Python 3: The Next Generation
Python was created in 1991 -- it's 20 years old now! Lots of time for cruft.
Python 3 is backwards incompatible. Stuff will break. Hopefully the migration will not be grudging, the main thing for most programs will likely be unicode strings.
In 1997 Guido wrote "Python regrets" which later on and with other things became the basis for Python 3000.
A few of the changes (note from me: they were not all mentioned and I didn't take note of everything either!):
- The print statement becomes the print() function.
- Numbers, divisions: division will now be true division by default (1/2 == 0.5 as opposed to the current 1/2 == 0 -- better to teach, especially young ones)
- Dictionaries will use itertools by default to save memory
- Likewise for built-ins like map/filter, many changes to have better speed and/or memory efficiency
With regard to migrating:
- Wait for your dependencies to port
- Have a good test suite
- Move your code to at least 2.6, which is when Python 3 functionality started to be backported
- The -3 switch tells you about incompatibilities
- The 2to3 tool offers diffs on what should be ported
Be careful with Python 3 books, if they cover 3.0 they are already obsolete. Lots of changes!
This talks aims to fill in the gaps in the knowledge of not-quite-beginners-anymore. We'll have a look at: the memory model, mutability, and methods.
Mutable objects are passed by reference, immutable objects (like a string or number) are passed by value.

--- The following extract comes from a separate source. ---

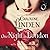 One Night in London (The Truth About the Duke, #1)
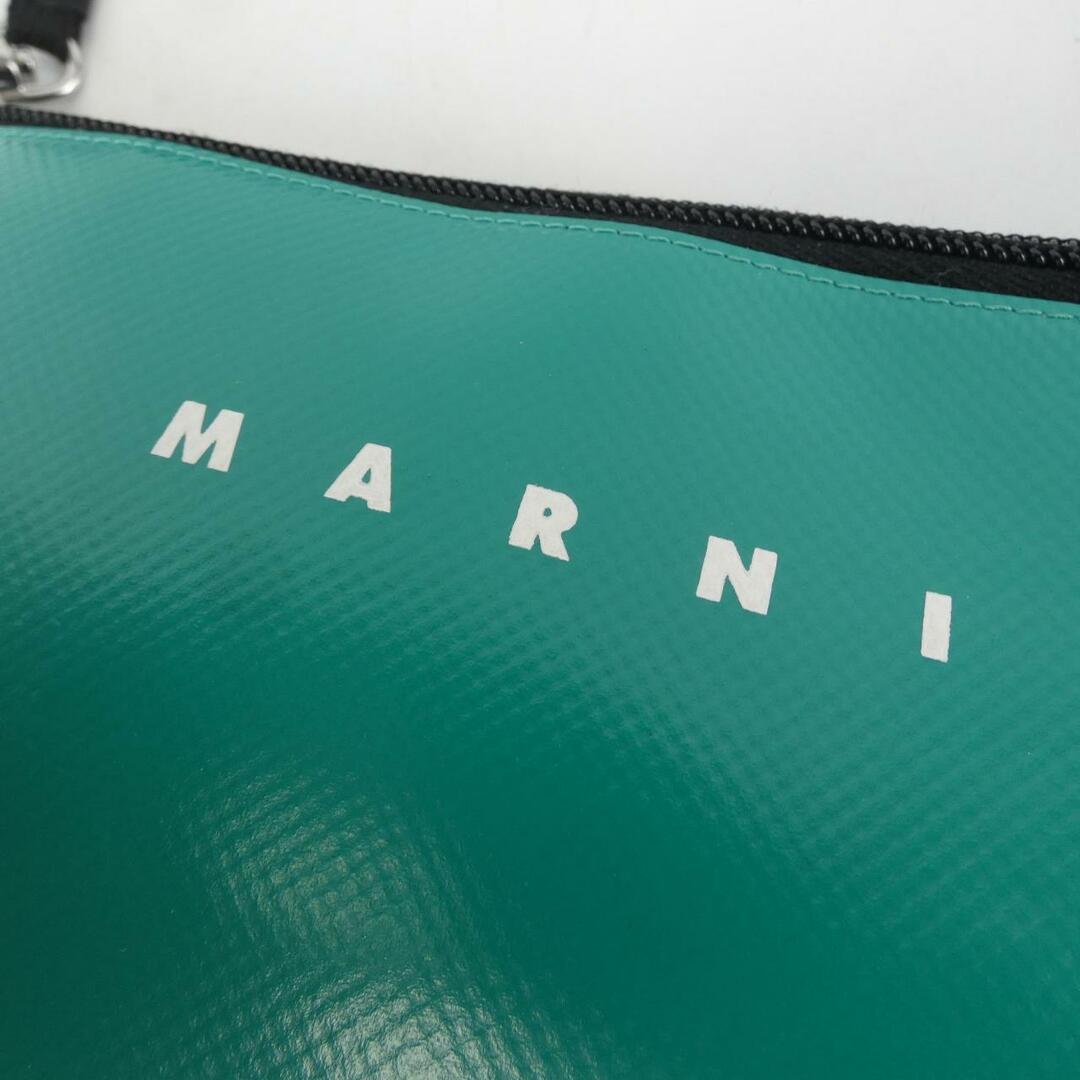 Marni(マルニ)のマルニ MARNI BAG メンズのバッグ(その他)の商品写真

class Stuff: version = 1.0 john = Stuff()
As a shortcut you can call john.version rather than Stuff.version. However if you assign john.version = "blah", you're hiding access to the class 'version' attribute, and only changing this attribute for the john instance -- basically creating a new local variable.
To initialise, if there's one parent you should do Parent.__init__(self). If you're lower down, try to use super() for MRO and stuff. Extra reading: Python's super() considered super! and Python's Super Considered Harmful.
You can make your own classes act like Python types, by overloading existing operators and existing built-in functions. There are loads of them! __init__, __new__ (for immutable objects), __len__, __eq__, __getslice__, __getitem__, __contains__ (for the 'in' keyword), ...
How to (not) use the stack - performance
The **timeit** module will run a problem a million times and help find which implementation is faster.
The second one is faster, that's the penalty of a stackframe: the len() value is not cached because it could change! (With overloading, etc.) With the 2nd version we removed a function call.
Objects and references
All Python objects have:
- An identity (similar to the memory address)
- A type
- A value (only that one can change, sort of)
References are also called aliases. There is a reference count to track the total number. Variables do not hold data, they point to objects. For instance if 2 variables are assigned 1, they would both be pointing to the same (immutable) Integer object representing 1.
3 types of standard types
His classification, nothing official.
- Storage: Linear/Scalar vs. Container
- Update: Mutable vs. Immutable
- Access: Direct (number) vs. Sequence (string, list) vs. Mapping (dictionary)
"Interned" numbers are a list of integers in range(-5, 257): these are special numbers that are never deallocated.
"is" is a keyword to assess if 2 variables point to the same object.
Beware shallow copy vs. deep copy when you have a list of lists.
Growing memory: When you call .append() and the list is full, 4 free units are malloc'ed, then double that, then a bit less: usually about 12.5% additional free slots are created at once in advance. What this means is that you should try not to have a lot of short lists.
Shrinking memory is a fairly inexpensive operation.
Inserting in the middle of a list creates a lot of shifting. Deque is better for push() and pop(), though less good for access.